Liz Sayce, the chief executive of disability rights group RADAR, recommended changes to government policy to support disabled people to work in any role in any sector – rather than in segregated employment.
The Sayce review recommends doubling the numbers of people able to use Access to Work – which gives financial help for support workers, interpreters, equipment and other practical support to enable disabled people to keep and get jobs.
It recommends raising the overall numbers securing specialist disability support to 100,000 within existing resources, with further expansion longer-term.
Liz Sayce said: “The work aspirations of disabled people have changed. Again and again disabled people – especially young disabled people – said they wanted the same choice of jobs as everyone else – in every sector from hairdressing to engineering, from apprenticeships to work experience, from self employment to co-ops and employee to director.
“That is why I am recommending empowering disabled people and employers by opening up Access to Work, widening access to information and peer support and ensuring support can go with the individual, from job to job, equipping disabled people for the economy of today and tomorrow. Young people do not expect a job for life – so we need to design support that can go with the individual, from job to job.
“There was also a total consensus among disabled people’s organisations and charities that segregated employment is not a model for the 21st century. Instead in-work support like Access to Work is the right way to support disabled people so that those acquiring disability can keep their jobs; and those entering work can work in any sector they choose.”
Minister for Disabled People, Maria Miller who commissioned the report, said: “This review is about spending money differently, not cutting it. The amount of money going into employment services for disabled people is already being protected.”
The review was set up to look at employment support available for disabled people and shows:
> Around 50 per cent of disabled people are out of work and those that are in work often work far below their potential.
> Around 300,000 people leave work each year through disability or health conditions and go on to incapacity benefits.

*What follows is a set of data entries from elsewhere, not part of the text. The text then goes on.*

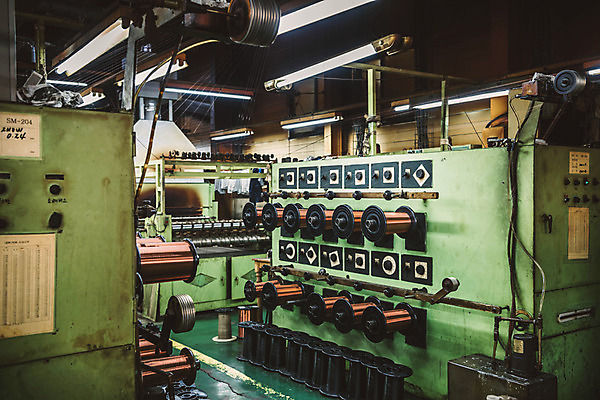 포토 JPG 선 공장 실내 사람없음 아웃포커스 기계 제조 철 산업현장 동 국내포토 산업 공업 촬영기법 내부 파일형식
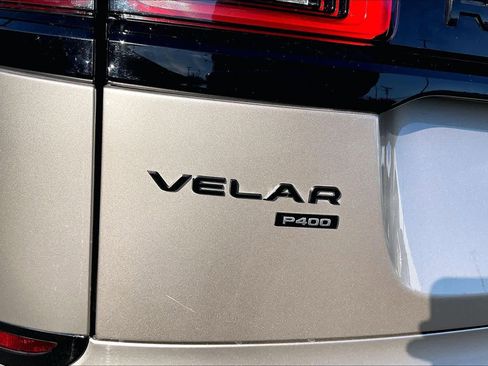 Used 2022 Land Rover Range Rover Velar R-Dynamic HSE image 11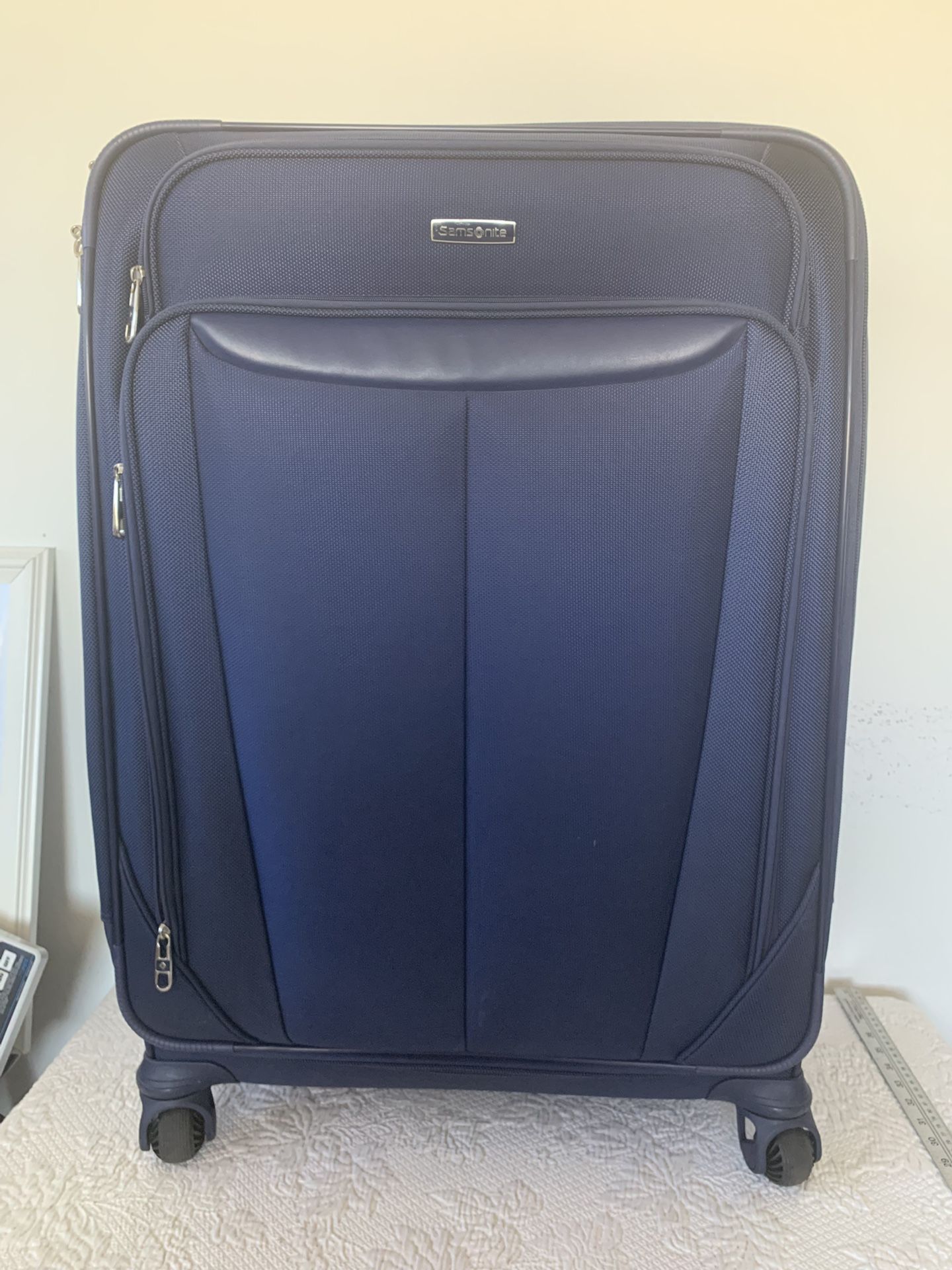 Samsonite Solyte 32” Spinner Suitcase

Many would prefer to keep their job.
> Closing the employment gap between disabled people and non-disabled people would also boost the economy by £13bn.
> There was consensus among disabled people’s organisations and charities that segregated employment is not a model for the 21st century.
Dr Rachel Perkins, who chairs Equality 2025, said: “We need a system that supports individuals to get any job we choose: after all who wants to pack boxes just because you are disabled?”
Mark Goldring CBE, Chief Executive Mencap, said: “With modest help it is possible for many more people to work in open employment alongside their non disabled colleagues. This is the way that policy and practice should take us.”